# Toy Experiment: Build a RAG Application

This notebook is inspired by Langchain's [RAG tutorial](https://python.langchain.com/docs/get_started/quickstart). Key differences:
- Instead of LangChain's WebLoader, we will use trafilatura.
- Instead of LangChain's Text splitter, we will use semantic-text-splitter.
- Instead of LangChain's LangGraph, we will implement the same application logic (in Retrieval and Generation part) through invocations of the individual components

The reason of these changes is to reduce dependency from LangChain and better understand how the process works.

Note: This notebook focuses on the retrieval of a single web page. In the next notebook, we will extend it to multiple web pages and offline files.

#### Installation

In [None]:
%pip install --quiet --upgrade langchain-text-splitters langchain-community langgraph
%pip install openai
%pip install -qU "langchain[openai]"
%pip install -qU langchain-openai
%pip install -qU langchain-core

In [None]:
%pip install trafilatura
%pip install semantic-text-splitter

### Indexing

#### Loading

In [1]:
import trafilatura
from semantic_text_splitter import TextSplitter

url = "https://www.amsterdamsebos.nl/english/eat/"
downloaded = trafilatura.fetch_url(url)
text = trafilatura.extract(downloaded)

print(f"Total characters: {len(text)}")
print(text[:500])

Total characters: 4004
Het Bosch restaurant
Lounge in style while taking in the spectacular view of the Nieuwe Meer lake. French-Mediterranean cuisine offering lunch and dinner options. Regularly features live music. Open from Monday to Saturday. Lunch is served from 12.00 am to 3:00 pm. Dinner from 6.00 pm to 10.00 pm (on Saturday from 7.00 pm to 10.00 pm). Price indication: approx. € 50 for a four course meal. For reservations call +31 (0) 20 644 58 00.
Restaurant De Bosbaan
Escape the city and enjoy the view of the


#### Splitting

In [2]:
max_characters = 1000
splitter = TextSplitter(max_characters, trim=False)
chunks = splitter.chunks(text)

print(f"Split blog post into {len(chunks)} sub-documents.")

Split blog post into 5 sub-documents.


#### Storing

In [19]:
import os
from langchain_openai import OpenAIEmbeddings
import getpass

if not os.environ.get("OPENAI_API_KEY"):
  os.environ["OPENAI_API_KEY"] = getpass.getpass("Enter API key for OpenAI: ")

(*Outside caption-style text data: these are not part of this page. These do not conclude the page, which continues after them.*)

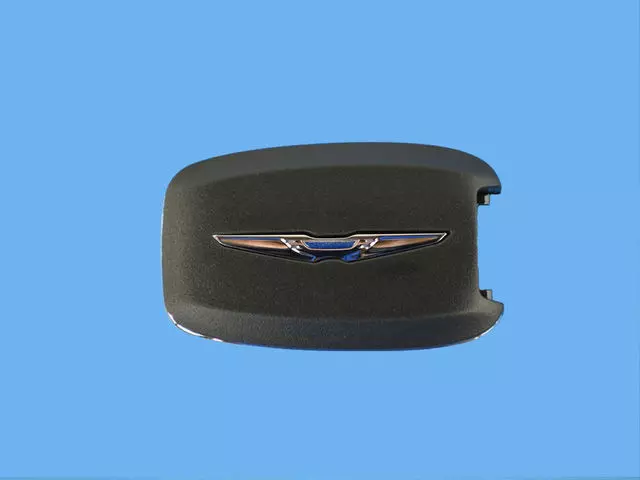 Integrated Key Fob Transmitter - Mopar (68241531AD)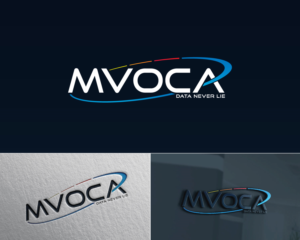 Logo Design by Atec for this project | Design: #28381040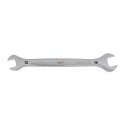 MILWAUKEE DOUBLE-ENDED FLAT WRENCH - 12x14mm MILWAUKEE DOUBLE-ENDED FLAT WRENCH - 12x14mm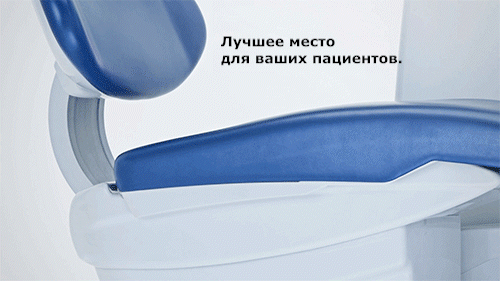 kavo-estetica-e70-e80-vision-vertical_rus_1.gif kavo-estetica-e70-e80-vision-vertical_rus_1.gif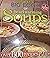 Taste of Home Big Book of Heartwarming Soups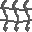 Adventure Tomb Gate icon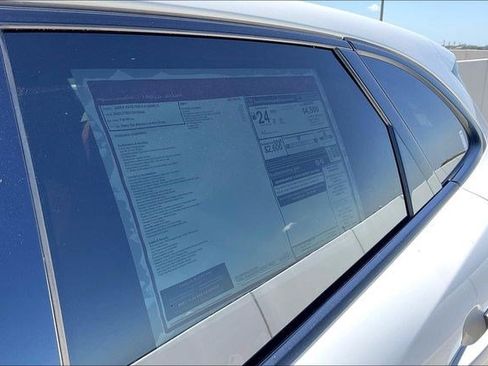 New 2026 Jaguar F-PACE R-Dynamic S image 16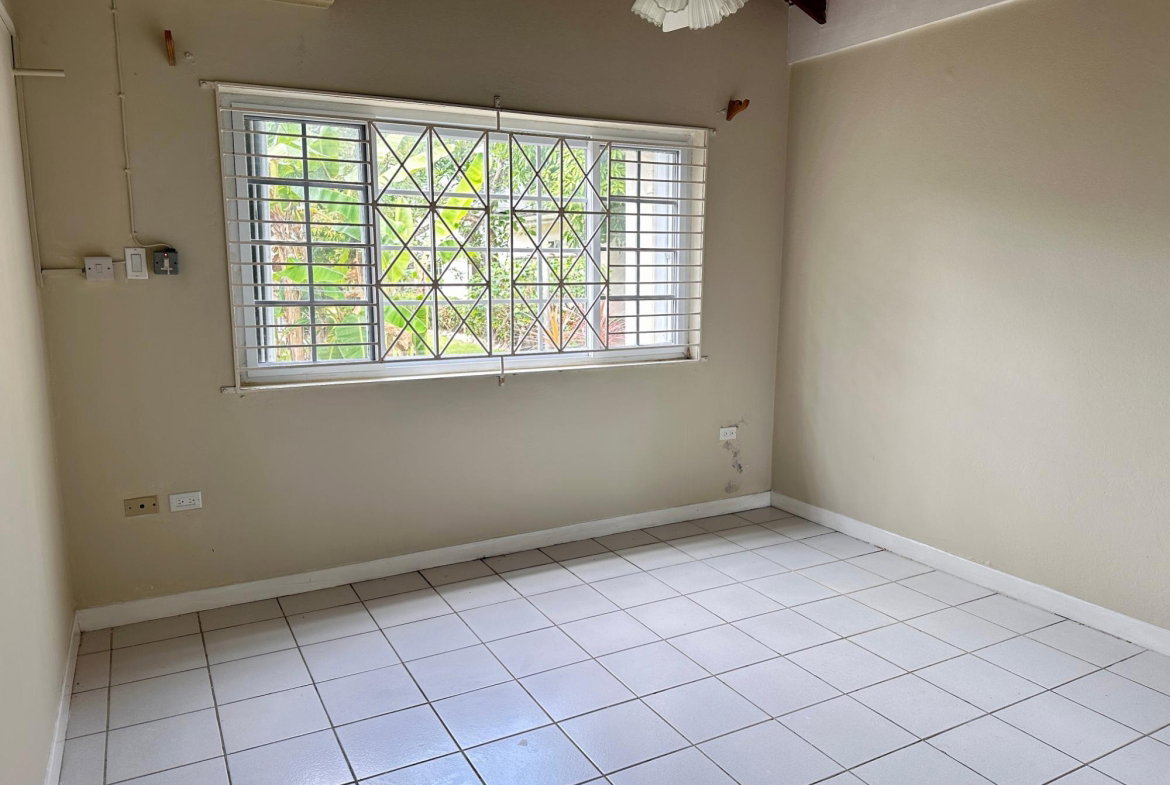 Twentieth image of 24 Drax Hall in St. Ann's Bay, St. Ann, Jamaica - property is For Rent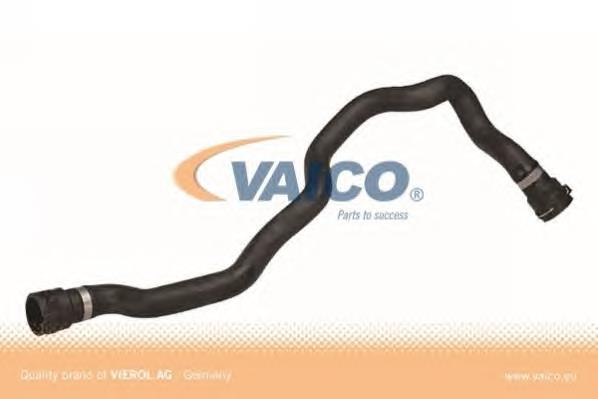 Mangueira (cano derivado) do radiador de esfriamento superior BMW 11531438634 preço, a partir de 21,17 USD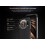 OUKITEL Oukitel WP21 Rugged Smartphone 12GB+256GB 17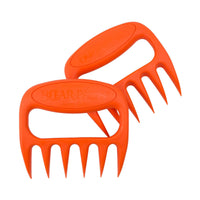 "The Original" Bear Paws Meat Shredders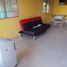 3 Bedroom House for rent in San Miguelito, Panama, Amelia Denis De Icaza, San Miguelito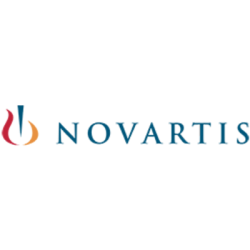 novartis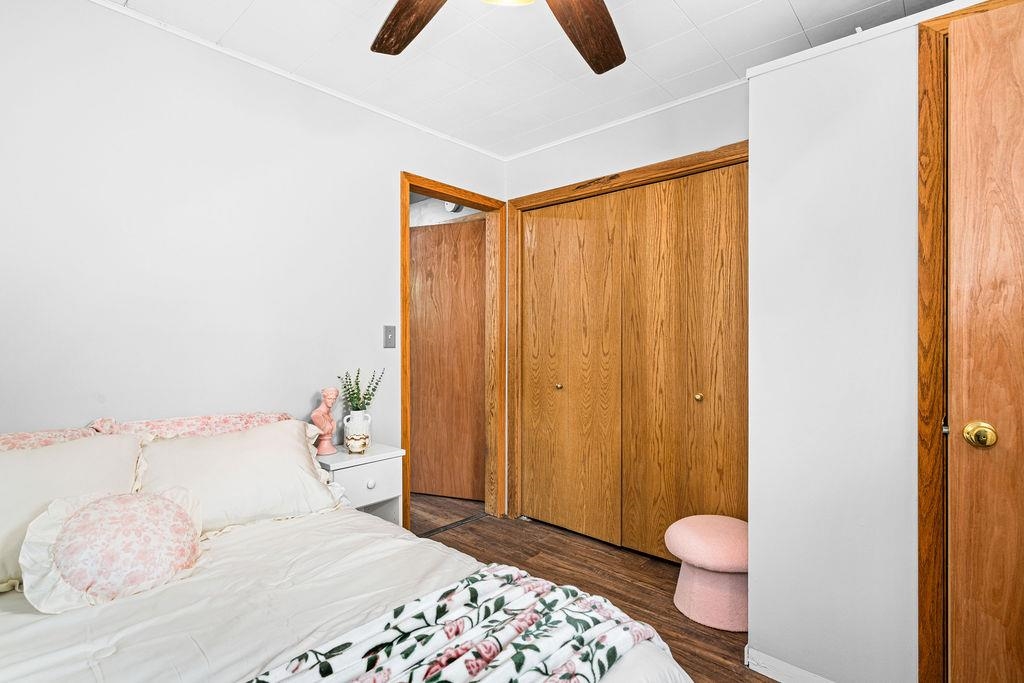 20 Canosia Rd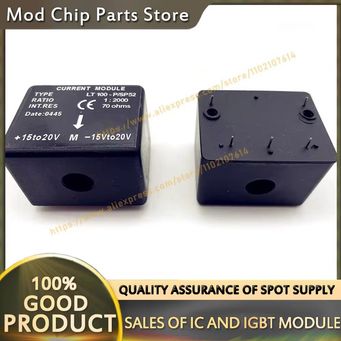 Home Appliance Parts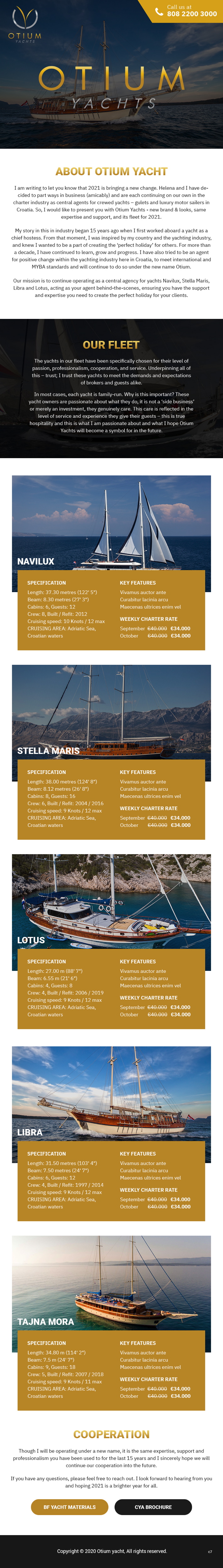 Email Marketing Design by pb for this project | Design #25500248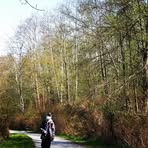 Profile Picture of Malcolm Wong (@IamMalcolmWong.rememberme) on Facebook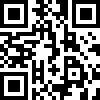 https://ar.abna24.com/x7cVT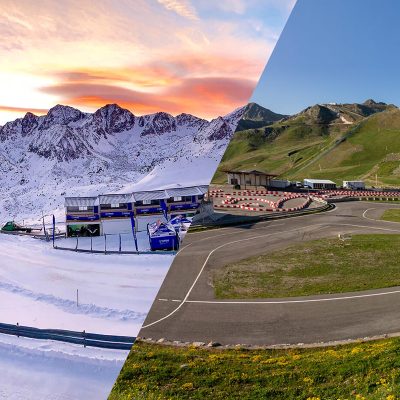 16---pas-de-la-casa---circuit-de-andorra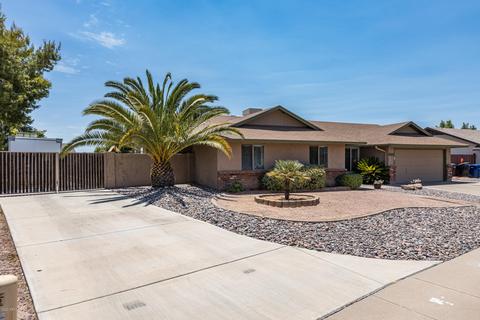 3751 E Dewberry Ave, Mesa, AZ 85206 photo 2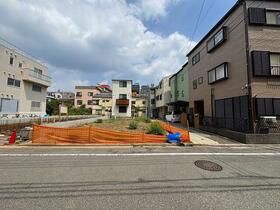 東京都板橋区熊野町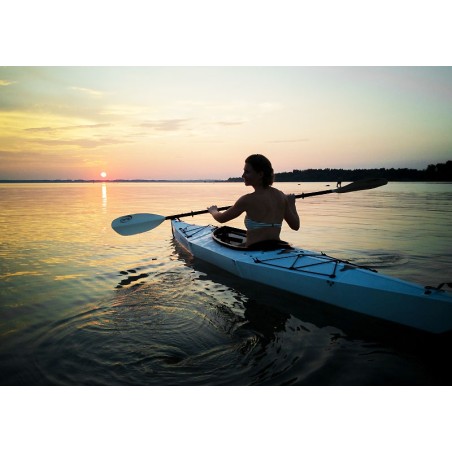 Kayak pliable Nortik Fold 3.8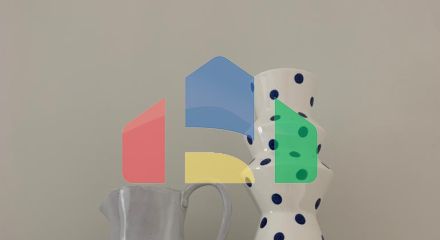 Квартира -студия в Бечичи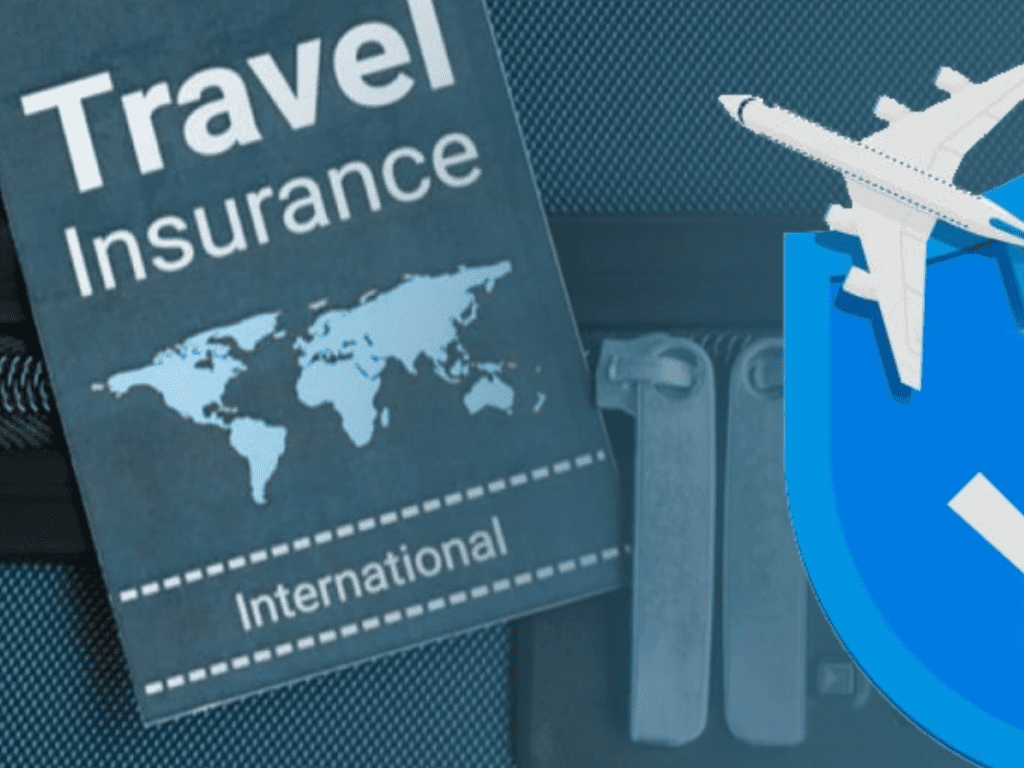 Is Travel Insurance Worth It for Emergencies? Here’s What You Should Know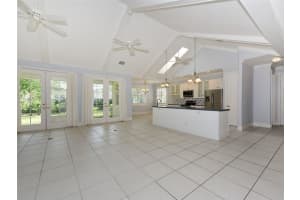 406 34th Ave, Vero Beach, FL 32968, Sold 02/16/18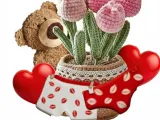 Valentine's Gift -1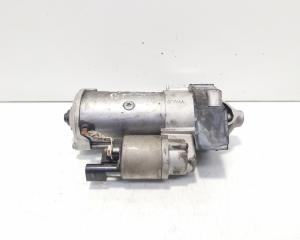 Electromotor, cod 8671504, Bmw 2 Coupe (F22, F87), 2.0 diesel, B47D20A, cutie automata (idi:641230)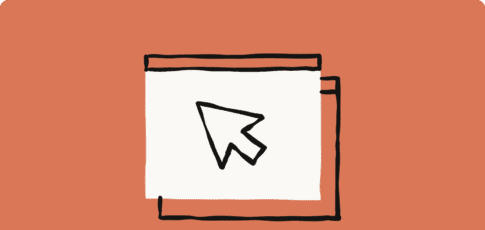 anthropic reports outages claude and console impacted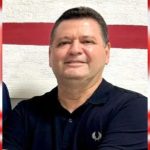 URGENTE: Ministério Público abre duas investigações contra a gestão Enoque Mota, em Pastos Bons-MA URGENTE: Ministério Público abre duas investigações contra a gestão Enoque Mota, em Pastos Bons-MA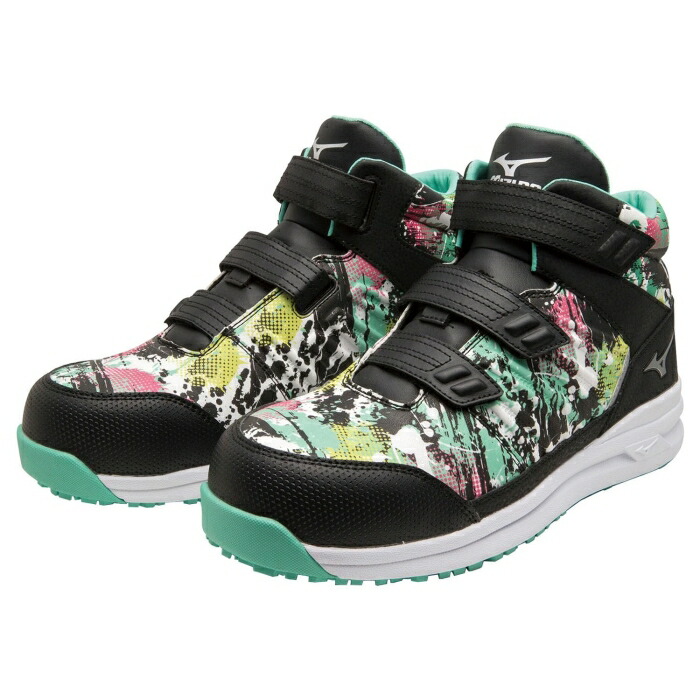 楽天市場】【特価】【数量限定】☆ミズノ/MIZUNO F1GA231699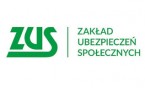 Punkt konsultacyjny ZUS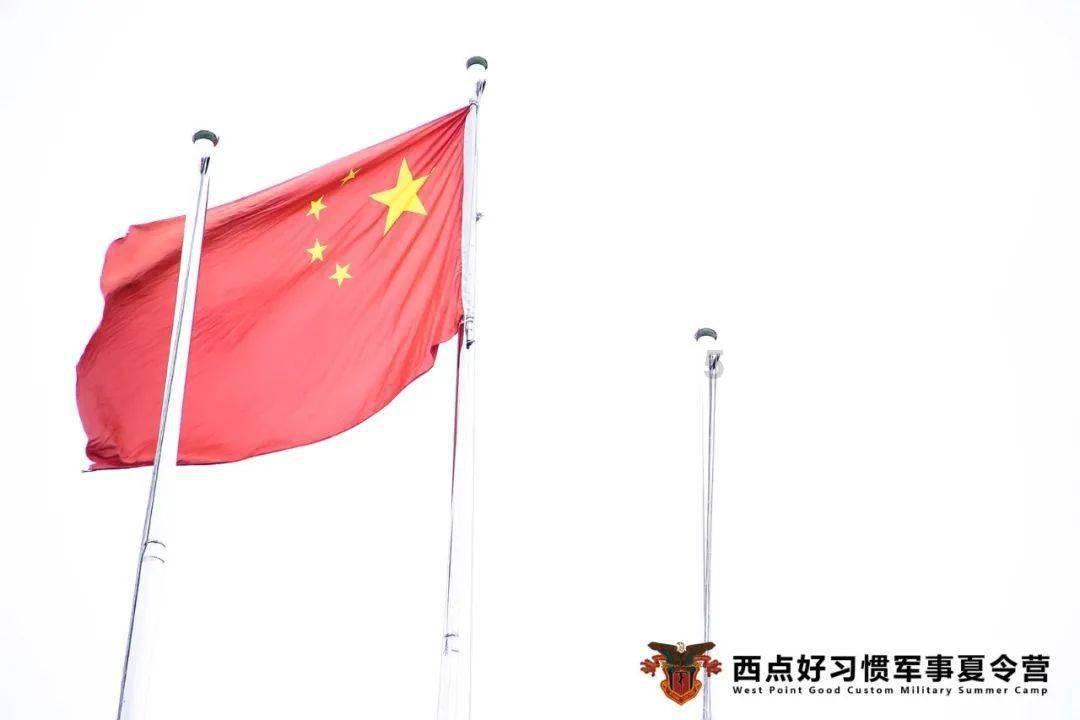 仙剑奇侠传2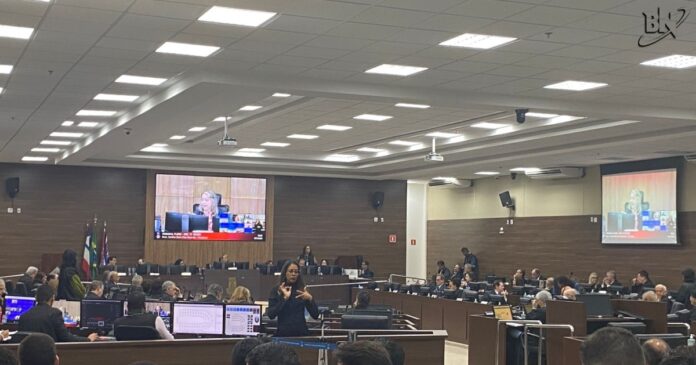 tj-ba-altera-regimento-interno-e-modifica-regra-sobre-pedido-de-vista-apos-determinacao-do-cnj
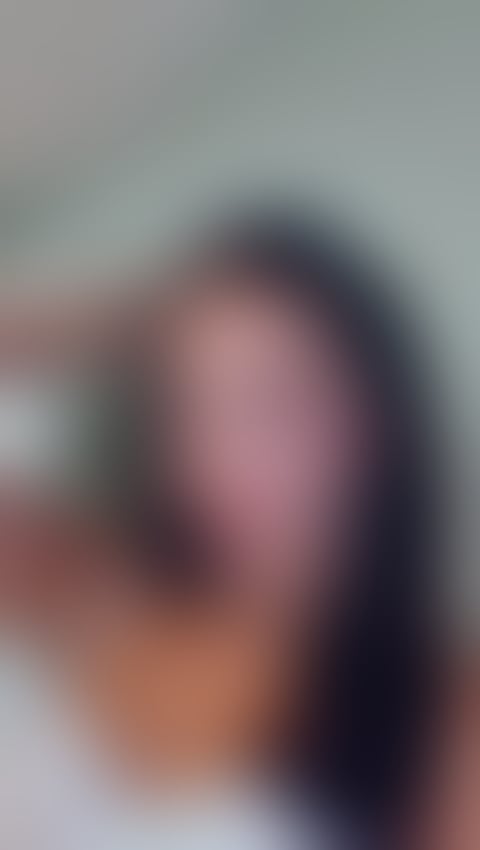 Escorts West London Hounslow - 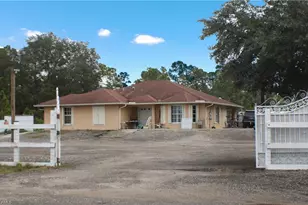 355 N Lindero St, Montura Ranches, FL 33440 - Photo 5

embeddings = OpenAIEmbeddings(model="text-embedding-3-small")

In [None]:
from langchain_core.vectorstores import InMemoryVectorStore

vector_store = InMemoryVectorStore(embeddings)
document_ids = vector_store.add_texts(chunks)

In [23]:
print(f"Added {len(document_ids)} documents to the vector store.")
print(document_ids)

Added 5 documents to the vector store.
['5be065d4-17a6-4594-be7b-e2c89ba26dda', '4af8e730-817e-4da3-a30d-1a6be592464c', '8243f805-3753-4fdb-bcc2-b683db00aad2', 'd132baa3-6097-4185-aba3-aa7f02569559', '3157ab94-d971-4cbc-b75b-2acd3202a6ec']


### Retrieval and Generation

In [28]:
from langchain.chat_models import init_chat_model

llm = init_chat_model("gpt-4o-mini", model_provider="openai")

question = "Where can I find a restaurant in Amsterdamse Bos that serves pancakes?"

retrieved_docs = vector_store.similarity_search(question)
print(f"Retrieved {len(retrieved_docs)} documents.")
docs_content = "\n\n".join(doc.page_content for doc in retrieved_docs)

Retrieved 4 documents.


In [25]:
from langchain_core.prompts import PromptTemplate

template = """You are an assistant for question-answering tasks. Use the following pieces of retrieved context to answer the question. If you don't know the answer, just say that you don't know. Use three sentences maximum and keep the answer concise.

Question: {question}

Context: {context}

Answer:"""

prompt = PromptTemplate.from_template(template)

# Manually render the prompt (no abstraction)
rendered = prompt.format(question=question, context=docs_content)

In [27]:
# Pass the rendered string directly to the model
# (Chat models accept strings; LangChain wraps it as a HumanMessage internally)
answer = llm.invoke(rendered).content
print(f"Answer: {answer}")
print(f"Answer length: {len(answer)} characters")

Answer: You can find traditional Dutch pancakes at Paviljoen Aquarius in Amsterdamse Bos. They are open from Wednesday to Sunday, with varied hours depending on the season. Prices start at €6.50 for a bacon pancake with syrup.
Answer length: 218 characters


## Limitations

This notebook has the following limitations:
- It does not support offline files or multiple web pages.
- It does not support multiple questions.